Relativamente a quest'ultimo punto si rendono necessarie alcune precisazioni:

- l'effettivo svolgimento dell'attività di ricerca o di docenza all'estero deve risultare da idonea documentazione rilasciata dagli stessi centri di ricerca o dalle Università presso i quali l'attività è stata svolta. Tale documentazione deve attestare sia la natura dell'ente, sia l'attività svolta dal docente o dal ricercatore e la relativa durata. La documentazione, rilasciata in lingua straniera deve essere tradotta in italiano; tale traduzione può essere fatta dallo stesso contribuente, se i documenti sono redatti in lingua inglese, francese, tedesca o spagnola, mentre se i documenti sono redatti in altre lingue è necessaria una traduzione giurata, ovvero la vidimazione da parte dell'autorità consolare;
- l'attività di docenza è individuata nella attività di insegnamento svolta presso istituzioni universitarie, pubbliche e private;
- l'attività di docenza e ricerca non necessariamente deve essere stata svolta nei due anni immediatamente precedenti il rientro, essendo sufficiente che l'interessato, prima di rientrare in Italia, abbia svolto tali qualificate attività all'estero per un periodo minimo ed ininterrotto di almeno ventiquattro mesi. Per la docenza il periodo di ventiquattro mesi si ritiene compiuto se l'attività è stata svolta per due anni accademici continuativi. Può, ad esempio, fruire del regime agevolato un docente che, rientrato in Italia nel 2015, abbia svolto attività di docenza negli anni 2011 e 2012 e successivamente abbia svolto un'altra attività di lavoro dipendente.

I chiarimenti dell'agenzia delle Entrate
Nelle aziende ospedaliero-universitarie, l'università individua il docente o ricercatore in materie cliniche con il quale stipulano un contratto per lo svolgimento delle prestazioni di cui necessitano.

Nel caso analizzato, lo svolgimento dell'incarico prevedeva una responsabilità con «messa a punto dei percorsi assistenziali» in aggiunta a ulteriori incombenze, valutate, nel merito, come attività distinte, ancorché integrate e inscindibili, da parte dell'agenzia delle Entrate.
Per tale ragione, la risoluzione nega l'estensione dell'agevolazione alle attività assistenziali.
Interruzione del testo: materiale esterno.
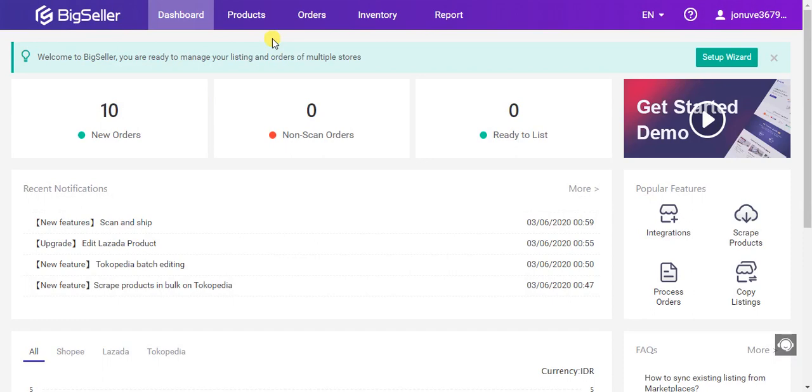Hi everyone, in this video I will show how to process orders on BigSeller. You can process orders from multiple stores at the same time on BigSeller, no need to log into the seller center again.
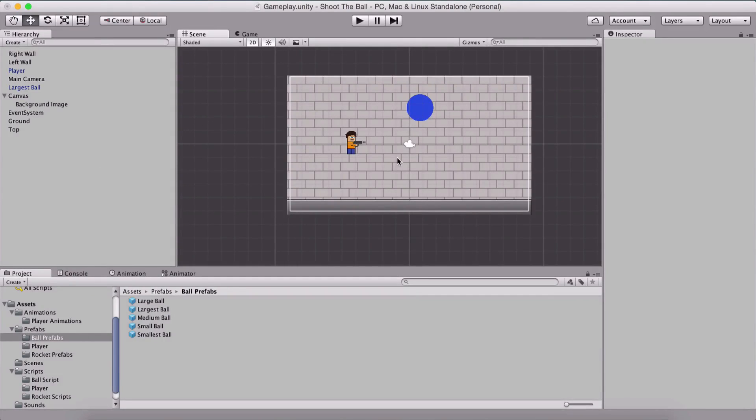We are almost done with our game. We have our ball bouncing, we can shoot the ball and it splits onto smaller balls, so on and so forth.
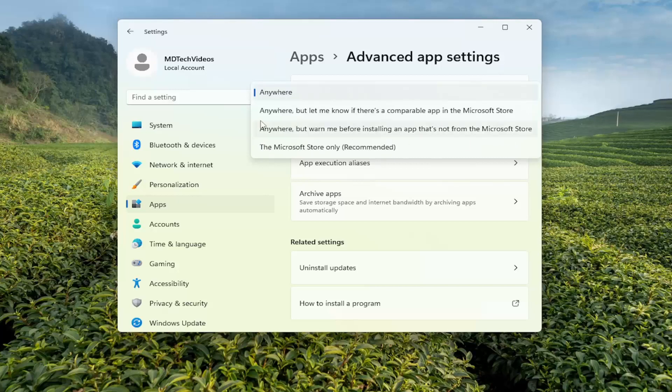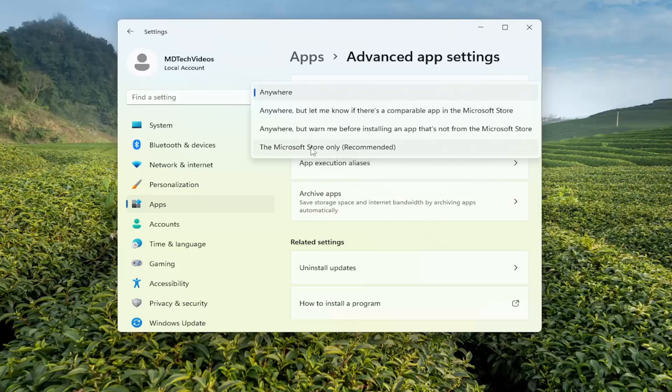And again, you can select any of these options except for Microsoft Store only, which is recommended, because that's where you're only going to be allowed to install apps from the Microsoft Store. So you'd want to select one of the other three options here.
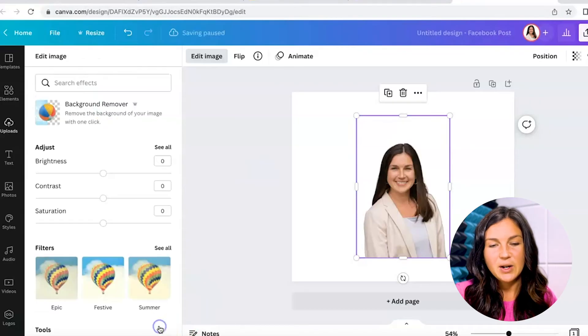Once I am done, I can go ahead and click apply. There you have it. How to remove a background in a photo in Canva.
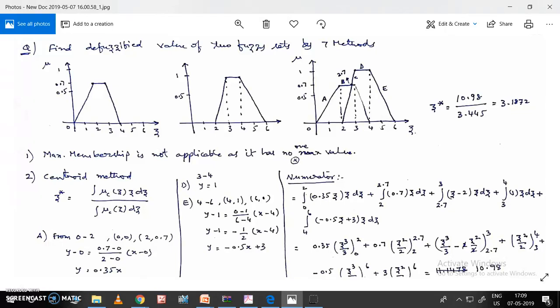Hi friends. In this video let us apply 7 defuzzification methods to 2 fuzzy sets. The question asks us to find the defuzzified value of 2 fuzzy sets by 7 methods. The first fuzzy set starts from 0, rises to 0.7 on the y-axis (membership value mu), stays at 0.7 from z=2 to z=3, then declines to 0 at z=4.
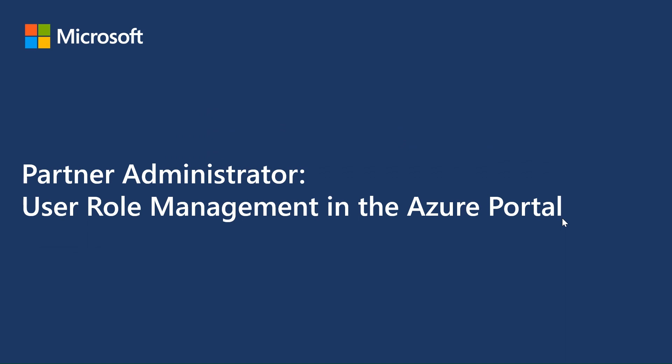Hello, in this video you will be provided with steps on user role management in the Azure portal. Let's begin.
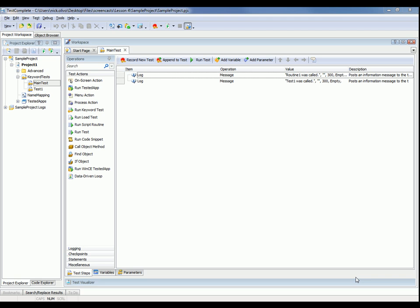Let's suppose we have a script routine called routine one and we want to call that from this keyword test. To do that, we're going to grab this run script routine operation and just drag it right here onto our test panel.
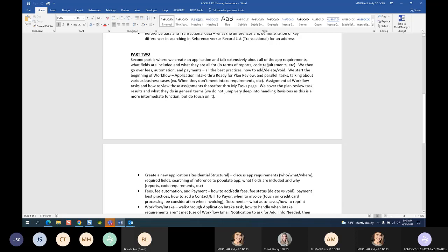We're going to start creating an automation and talk extensively about the app requirements — why they're there, what they're for, what reports they feed, what code requirements they may meet. Then we're going to go over fees: the automation of fees when you create a new record, how to process payments, all the best practices about fees and payments, how to add fees, delete fees, and void fees. Then we will begin the workflow.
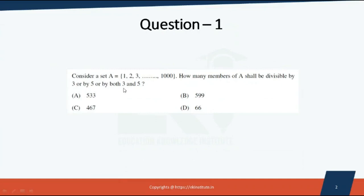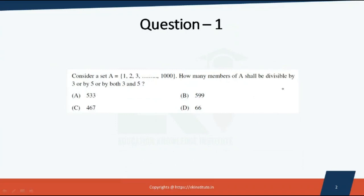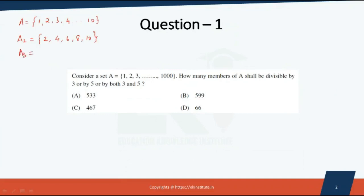Let's start with a smaller set — for example, A equal to {1, 2, 3, 4, ..., 10}. The set of all numbers divisible by two is: two, four, six, eight, ten. The set of all numbers divisible by three — this is a counting problem where we identify the relevant subsets.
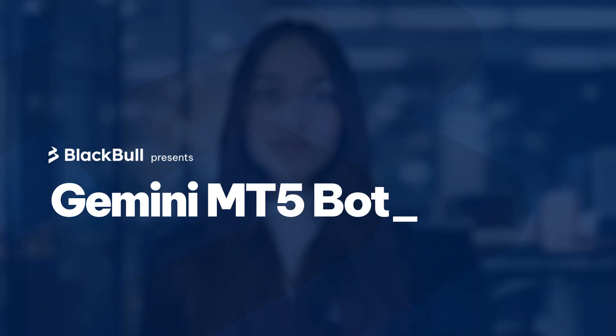How to create an MT5 trading robot using Gemini. First, you'll need to define your trading strategy. This is the foundation of your robot.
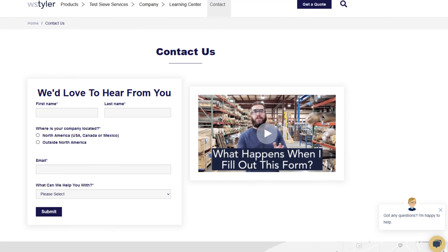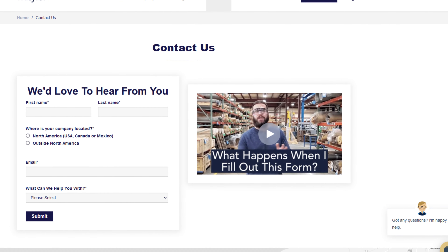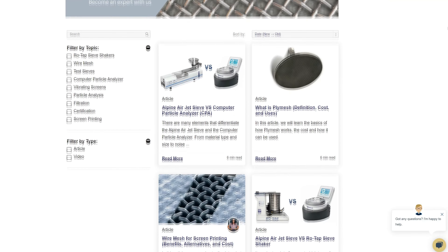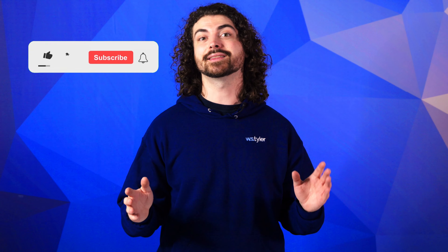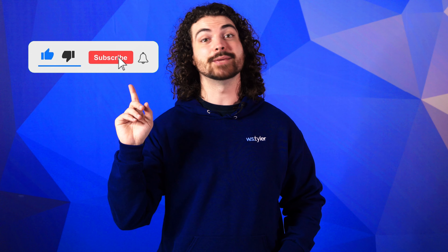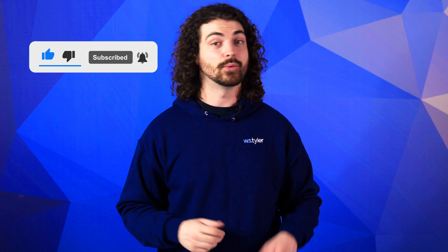Thanks so much for watching. If you have any questions, fill out a contact us form so we can answer your specific questions — just click the link in the description. If you'd like to learn even more about woven wire mesh or our many products, we have a learning center filled with written and video content to make you an expert. Click that second link and you'll be that expert in no time. Don't forget to click the subscribe button and ring that bell to keep up with all things WS Tyler. My name is Andrew Kotlar and I'll see you in the next video.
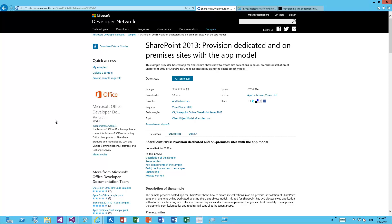Hello, my name is Vesa Iubonen. I work as a senior program manager in the Office 365 product group and in this particular video we're going to concentrate on how to enable app-based provisioning of site collections within Office 365 dedicated or on-premises using the new capabilities which were released as part of the April CU in 2014.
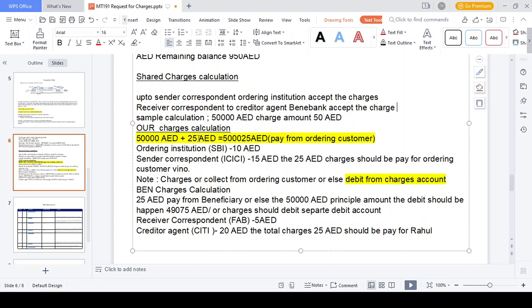For SHA charges with total 50 AED: 25 AED from the ordering customer and 25 AED from the beneficiary. The ordering customer pays 15,000 AED plus 25 AED - either directly to the bank or by debiting a separate charge account. Two options: the ordering customer pays the charge via cash on hand, or they can debit it from a separate charge account at the ordering institution. The parties involved are: we (Vino) as ordering customer, SBI India as ordering institution, ICC Bank as sender correspondent, and FAB as receiver correspondent.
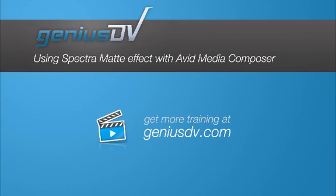For other great tips like this, or to enroll in an Avid Media Composer training class, visit GeniusDV.com.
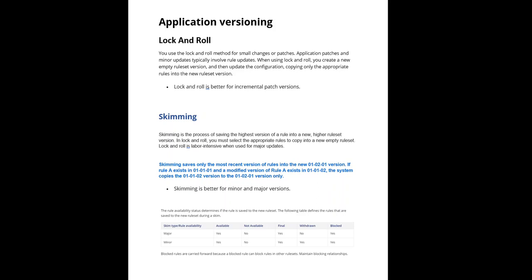For each sprint deployment, you will not increase major version, you will not increase minor version. Application patches and some minor updates, bug fixes, enhancements, user stories, those all will come under the patch fixes or patch ruleset version.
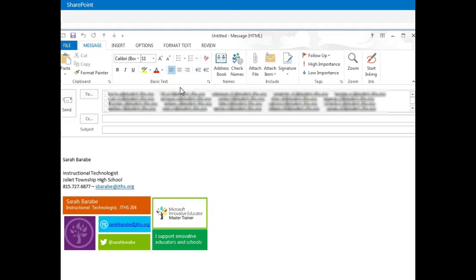A new Outlook email will pop up with all the student emails. From here you can copy and paste all the student users.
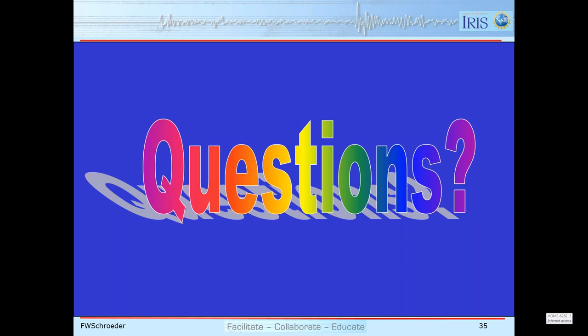There weren't any more questions after that, so thank you so much for the webinar today and we look forward to the one on Thursday. Thanks everyone for tuning in — see you all on Thursday and have a great day.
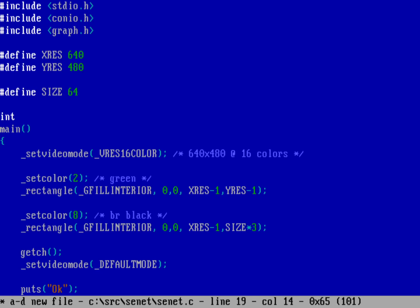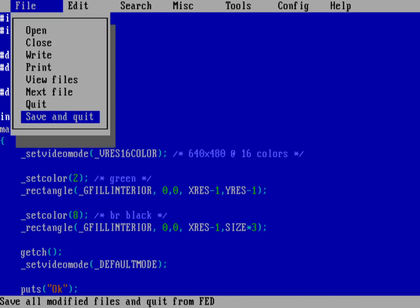I want to have three rows of those 10 squares. So now I've got a rectangle starting at the top of the screen at zero, zero, going all the way to the right at XRES minus 1 and going down as far as SIZE times 3. Before I do anything else, let's go ahead and compile to see what we've got.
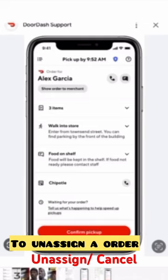First of all, if you want to understand an order, all you have to do is — when you receive an order you don't like — we all know on the app this is the screen you see.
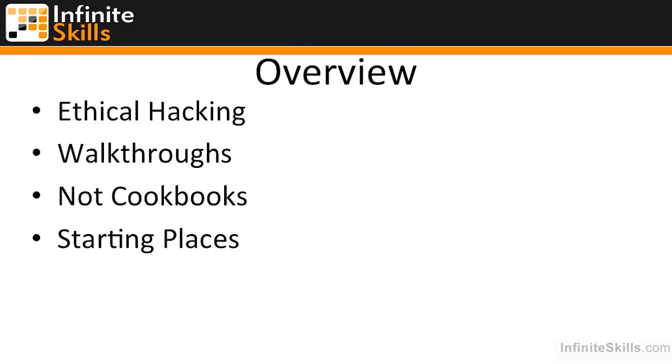We're going to be talking about ethical hacking, and we're going to be doing a lot of walkthroughs for different aspects of ethical hacking, from tools and techniques to different things that you may be faced with as you go through performing penetration tests and doing ethical hacking.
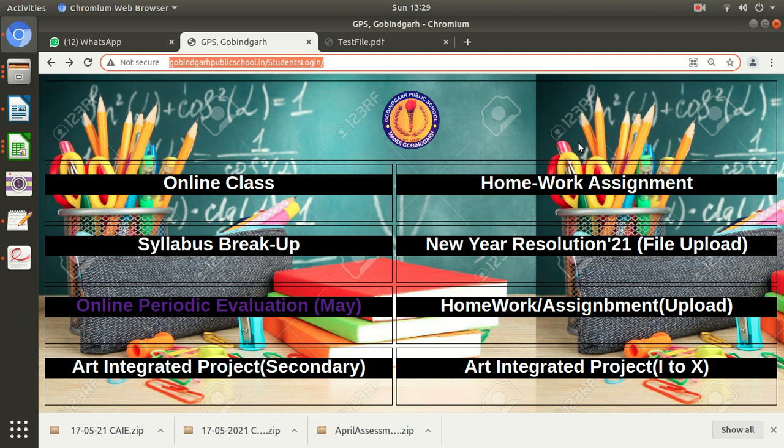Namaskar, my name is Hardiminder. I will guide you step by step on how you can upload your answer scripts on the GPS students portal for your periodic evaluations. You have already done this process in the previous exams in September, December 2020, and this year March 2021.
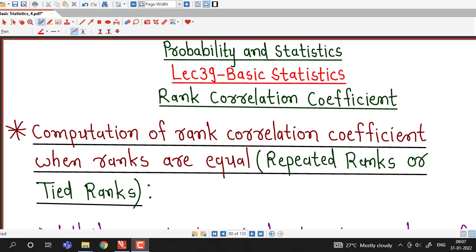Hello friends, I welcome you in lecture number 39 on basic statistics. In this lecture, we are going to discuss how to compute rank correlation coefficient if ranks are equal, repeated, or we have a tie between ranks. In some data, some values of a variable might be repeated more than 2 or 3 times, so in those situations our formula for rank correlation has to be modified.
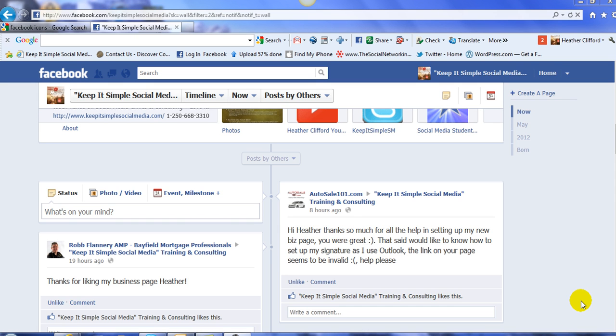Hello, this is Heather with KeepItSimpleSocialMedia.com and I have a question from Kirk with the Autosale101.com. Kirk's question is, Heather, how do I put the Facebook logo into my signature on Outlook? And thank you for letting me know that the link that I posted a couple of days ago was not working.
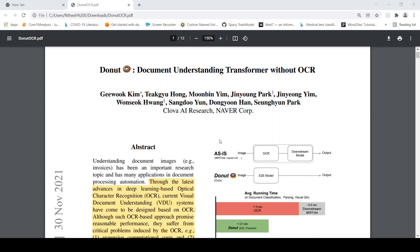This is Ritesh Srinivasan and welcome to my channel. In this video let's look at if we can perform document understanding without using OCR. So this paper came out recently, it's a pre-print that talks about donut which is document understanding transformer without OCR.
Ciò non di meno, la stessa agenzia delle Entrate evidenzia come il soggetto possa optare per un diverso regime – quello degli impatriati – previsto dall'articolo 16 del Dlgs 147/2015 (circolare 17/E, parte II, paragrafo 1.3). In tal caso l'agevolazione si applicherebbe a tutti i redditi percepiti dal soggetto.

La durata dell'agevolazione indicata è prevista per cinque periodi d'imposta, con inizio da quello in cui il soggetto trasferisce la residenza fiscale in Italia, che deve essere mantenuta per un minimo di due anni, pena la decadenza dal beneficio sin dall'inizio con applicazione di sanzioni e interessi (articolo 3, del Dm 26 maggio 2016).